## RECORDS SUPPLIED
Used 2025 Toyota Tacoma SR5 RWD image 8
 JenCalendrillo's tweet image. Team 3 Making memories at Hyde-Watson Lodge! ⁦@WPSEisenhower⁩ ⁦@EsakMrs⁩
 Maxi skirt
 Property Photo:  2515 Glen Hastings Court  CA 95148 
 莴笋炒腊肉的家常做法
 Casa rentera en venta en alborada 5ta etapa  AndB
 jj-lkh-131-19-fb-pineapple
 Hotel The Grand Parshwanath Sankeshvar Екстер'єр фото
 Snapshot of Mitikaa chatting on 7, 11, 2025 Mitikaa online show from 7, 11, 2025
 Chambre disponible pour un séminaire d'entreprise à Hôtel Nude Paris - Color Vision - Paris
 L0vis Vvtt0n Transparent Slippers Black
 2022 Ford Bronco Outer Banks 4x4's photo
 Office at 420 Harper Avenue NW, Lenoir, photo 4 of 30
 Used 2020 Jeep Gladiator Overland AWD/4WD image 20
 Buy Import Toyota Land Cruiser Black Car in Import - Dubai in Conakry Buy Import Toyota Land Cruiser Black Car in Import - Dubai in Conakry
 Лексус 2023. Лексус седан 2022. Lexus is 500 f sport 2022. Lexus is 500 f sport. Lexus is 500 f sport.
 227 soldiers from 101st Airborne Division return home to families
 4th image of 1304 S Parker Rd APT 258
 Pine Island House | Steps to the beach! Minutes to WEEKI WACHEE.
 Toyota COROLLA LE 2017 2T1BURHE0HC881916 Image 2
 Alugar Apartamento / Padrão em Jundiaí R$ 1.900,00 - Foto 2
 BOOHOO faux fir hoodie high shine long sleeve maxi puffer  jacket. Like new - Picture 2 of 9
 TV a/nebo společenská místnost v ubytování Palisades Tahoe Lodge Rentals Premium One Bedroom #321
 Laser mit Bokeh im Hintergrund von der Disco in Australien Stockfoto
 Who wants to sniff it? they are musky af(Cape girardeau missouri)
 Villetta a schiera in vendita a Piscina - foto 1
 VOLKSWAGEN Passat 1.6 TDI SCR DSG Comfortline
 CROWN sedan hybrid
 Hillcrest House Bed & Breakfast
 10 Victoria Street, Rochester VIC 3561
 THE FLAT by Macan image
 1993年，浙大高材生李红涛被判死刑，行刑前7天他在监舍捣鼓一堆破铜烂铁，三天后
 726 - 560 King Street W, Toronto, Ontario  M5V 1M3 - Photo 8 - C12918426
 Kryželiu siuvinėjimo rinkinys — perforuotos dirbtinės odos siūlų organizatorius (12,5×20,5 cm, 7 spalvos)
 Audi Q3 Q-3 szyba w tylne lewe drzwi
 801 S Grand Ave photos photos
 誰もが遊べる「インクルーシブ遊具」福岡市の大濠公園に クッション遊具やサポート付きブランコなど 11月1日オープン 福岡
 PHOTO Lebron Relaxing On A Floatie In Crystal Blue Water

## WHAT NEEDS TO BE DONE
Your task is to retype the entries verbatim, starting with the line that holds "Alugar Apartamento /" and stopping after the line that holds "CROWN sedan hybrid".

## COMPLETED TASK
 Alugar Apartamento / Padrão em Jundiaí R$ 1.900,00 - Foto 2
 BOOHOO faux fir hoodie high shine long sleeve maxi puffer  jacket. Like new - Picture 2 of 9
 TV a/nebo společenská místnost v ubytování Palisades Tahoe Lodge Rentals Premium One Bedroom #321
 Laser mit Bokeh im Hintergrund von der Disco in Australien Stockfoto
 Who wants to sniff it? they are musky af(Cape girardeau missouri)
 Villetta a schiera in vendita a Piscina - foto 1
 VOLKSWAGEN Passat 1.6 TDI SCR DSG Comfortline
 CROWN sedan hybrid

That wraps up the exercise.